El director del Programa de Desarrollo Social del Centro de Estudios Espinosa Yglesias, Rodolfo de la Torre, consideró que el monto asignado para los programas de bienestar no responde a las necesidades de combate a la pobreza y brechas de desigualdad, sino que es un esfuerzo por atender algunas necesidades de una forma más amplia, pero otras quedan sin atención y con algún retroceso.

“La Secretaría de Bienestar ha dejado de administrar una gran cantidad de programas sociales, es hasta cierto punto sorprendente el aumento presupuestal a una secretaría que cada vez tiene menos programas”, comentó a El Economista.

En ese sentido, manifestó que es necesario observar que el presupuesto para el bienestar no sólo abarca la dependencia federal, sino que también se debe analizar el Sistema Nacional de Salud. Por ello se pronunció por fortalecer a esta última dependencia en beneficio de los más vulnerables.

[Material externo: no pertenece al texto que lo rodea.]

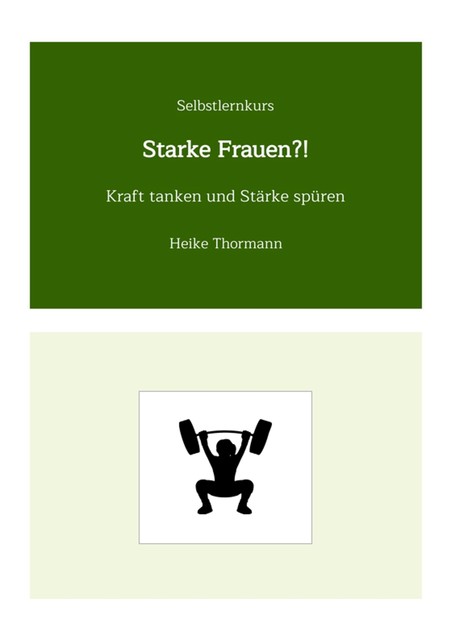 Selbstlernkurs: Starke Frauen, Heike Thormann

“Aumentar el presupuesto público de transferencia en algunas partes del gasto social es positivo, pero tiene que ver más la distribución al interior de los programas. Este gasto sería totalmente insuficiente para enfrentar la pobreza y desigualdad, porque no se emplea en aquello que tendría el impacto más profundo”.

Por su parte, el director ejecutivo de Oxfam México, Ricardo Fuentes-Nieva, explicó la importancia de una reforma fiscal para poder obtener una mayor recaudación de recursos.

Fuentes-Nieva indicó que desde hace 40 años el crecimiento económico de México ha sido muy bajo y se mantienen proyecciones optimistas, por lo que es muy poco probable que existan los recursos suficientes para invertir en los problemas sociales.

Agregó que si bien el proyecto de presupuesto presentado por Hacienda asegura el empoderamiento del Servicio de Administración Tributaria, cuestionó si realmente se podrá lograr recaudación más efectiva para evitar la evasión de impuestos y las condonaciones fiscales, en especial de los más ricos de la sociedad.

“Se necesita una reforma fiscal urgente porque con los recursos que existen en la actualidad no nos va a alcanzar para la lucha contra la pobreza y la desigualdad; desde Oxfam México hemos reiterado la necedad del presidente de no hablar de una reforma fiscal progresiva. Creemos que es una reforma perdida con todo el bono electoral que tiene y la mayoría en las dos cámaras”.